Chris Torrance can be linked to a number of places and people. Based in Carshalton, Surrey, Torrance became friends with Lee Harwood, one of the more lyrical poets attached to linguistically innovative poetry, and had books published by Iain Sinclair’s Albion Village Press, providing a context for earth magic, conspiracy and mystery. After moving to South Wales via Bristol, Torrance was part of Cabaret 246 which orbited Peter Finch’s Oriel shop in Cardiff and involved the likes of (Chris)Topher Mills and Ifor Thomas. Cabaret 246 – via Finch’s sound poetry interests and antics – performed at the London Musician’s Collective and had links to Bob Cobbing et al. Allen Fisher seems to have known him (he wrote an elegy and some drawings i.m.), which provides links to Fluxus in Britain (Fluxshoe) and more science-based experimental writing; Andrew Crozier published him, providing a Cambridge connection.
Of course, most poets have this kind of web of associations, contacts, friendships and influences. Andrew Duncan is especially good at teasing some of them out in his critical books, whilst Ian Brinton explores some of them in his introduction to this newly published selection of Torrance’s early work. Brinton also offers some more influential and perhaps surprising links: Prynne ‘alert[ing] readers to the connection between Hölderlin and Torrance’, a review essay by John Freeman, and Torrance’s love of Charles Olson. So far so good.
Phil Maillard’s ‘Preface’ however, takes a different tack, noting Torrance’s exciting encounters with ‘a volatile Mob of nascent artists, writers and musicians’ and reporting ‘validation’ of being a writer by ‘The Carshalton Steam Laundry Vision’, when ‘his vocation was revealed to him’: ‘”I’m going to be a poet.” It wasn’t a “vision”; it was a powerful voice that had to be obeyed (“I accepted it completely”).’ Maillard goes on to write, apparently with a straight face, that ‘Torrance, though serious minded and precise on one level, had magical feelings about his own life’ and notes a later ‘tendency towards psychedelia and a broader spirituality becoming more evident.’
Ignoring the later sprawling multi-book project of The Magic Door, Selected Early Poems shows a documentary approach to the confessional, poems mostly consisting of straightforward arrangements of events and emotional responses, interspersed with observations such as:
cars whoosh by in the street
outside the wind
blows again a clock
strikes a candle burns (‘Poem Marked by an Exegesis’)
or banal haiku:
Two old beggars sit
with their pipes by a warm fire
cracking their toes (‘Winter Haiku’)
Am I missing the symbolism or importance of such events?

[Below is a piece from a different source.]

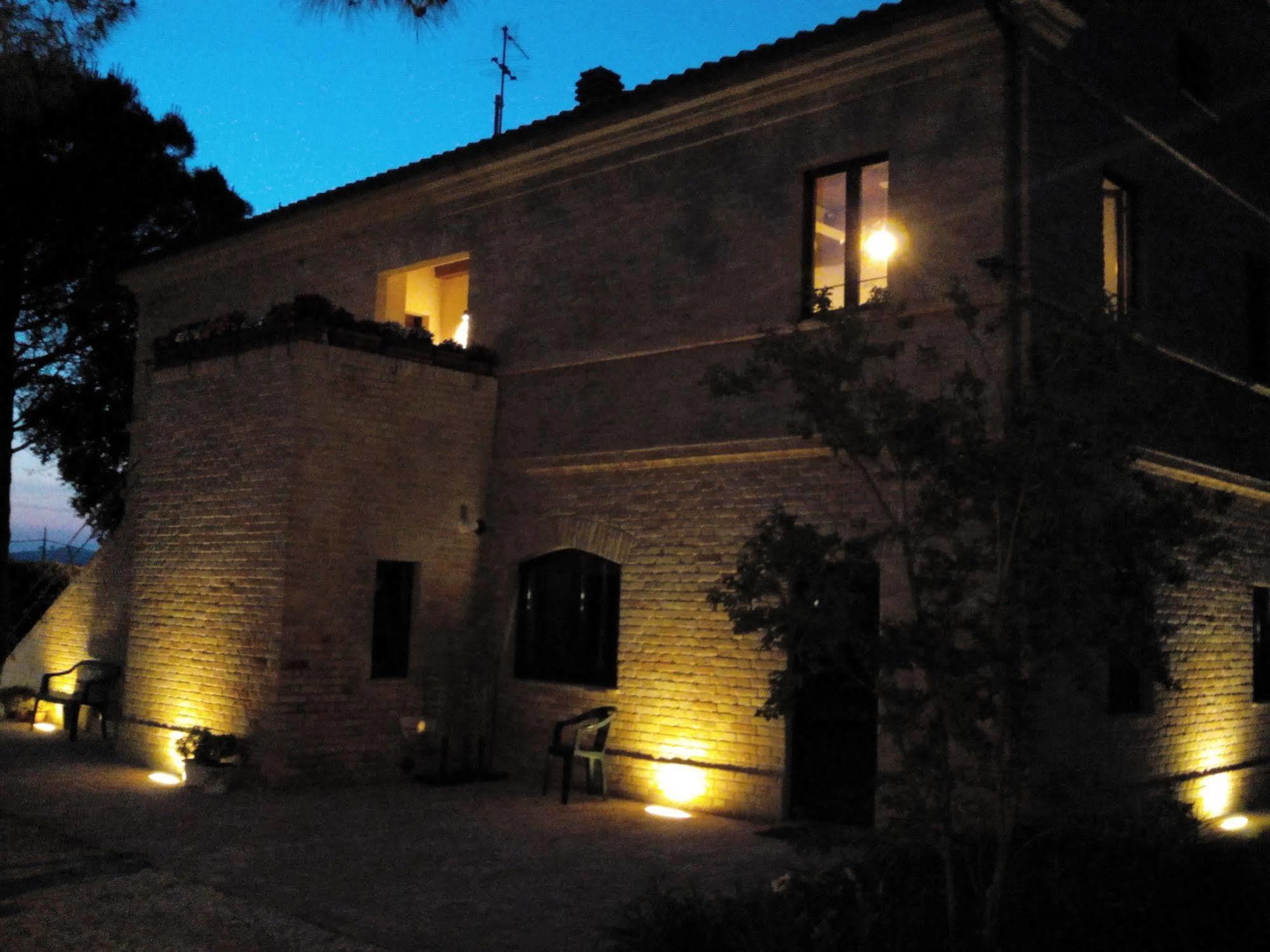 ポテンツァ・ピチェーナ Agriturismo La Fonte Di San Girioゲストハウス エクステリア 写真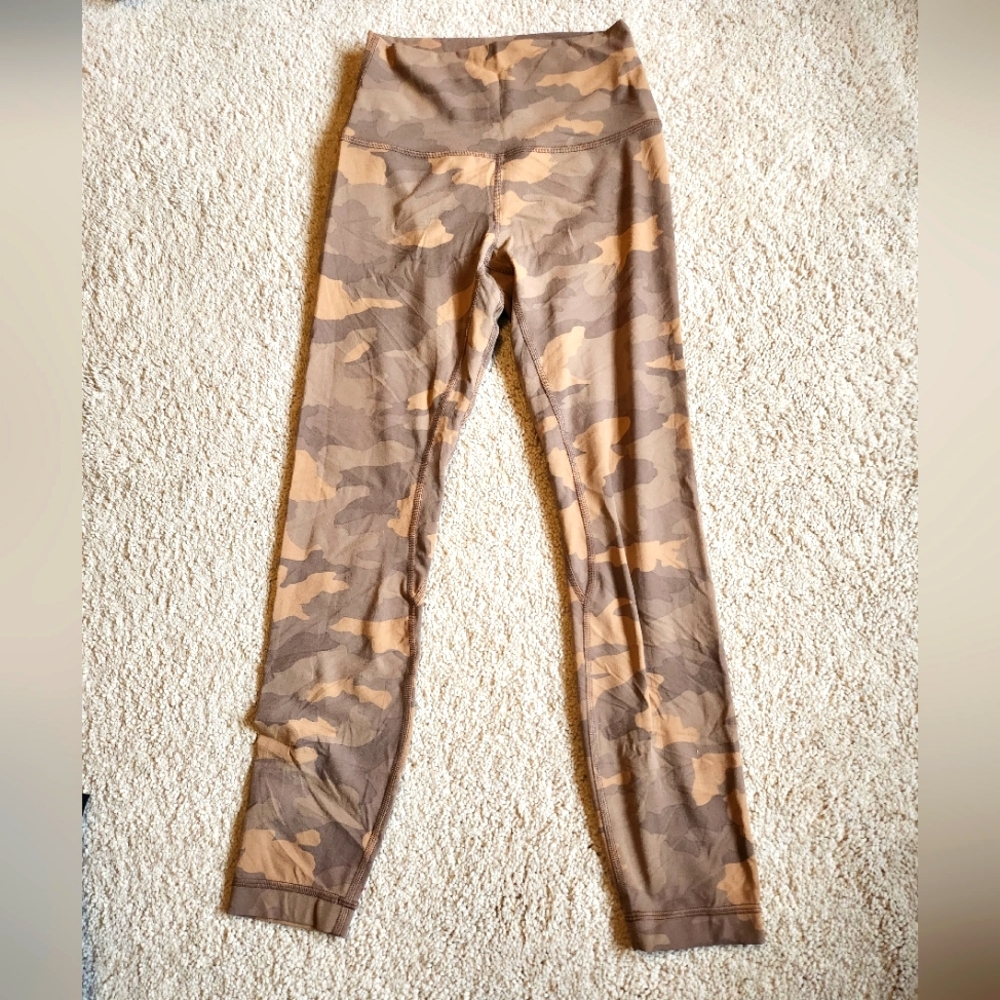 Lululemon Beige Camo Align 25" Legging Size 4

And what am I to do with the whining and generalisations of ‘I Am So Lonely’?
I am so lonely
no-one is with me
no-one is with me
I can eat, then
sleep the tired night through
and resume my work in the morning
but now I am so lonely, I am so
lonely, I am so lonely
whose narrator eventually finds solace in the mosquitoes, who
sing, lonely, lonely, lonely
join in the sexual dance, join in the swarm
around the tall chimney in autumn twilight
& the love will be found in the swarm even
the love will be found in the swarm
There is little evidence of Olson’s depth and inventiveness here, little open form or use of the page as a compositional field, no intensity akin to Maximus. Torrance’s poems here are as mundane as the likes of a hundred other forgotten poets, full of forced epiphanies squeezed from the everyday around the author, full of emotional angst, ‘opaque mood[s]’ and ‘the dark hail of self’. Unfortunately for the reader, visions, connections, conviction and self-assurance are no guarantee of good or interesting poetry, and this attempt to shoehorn Torrance into some kind of alternative canon is undeserved.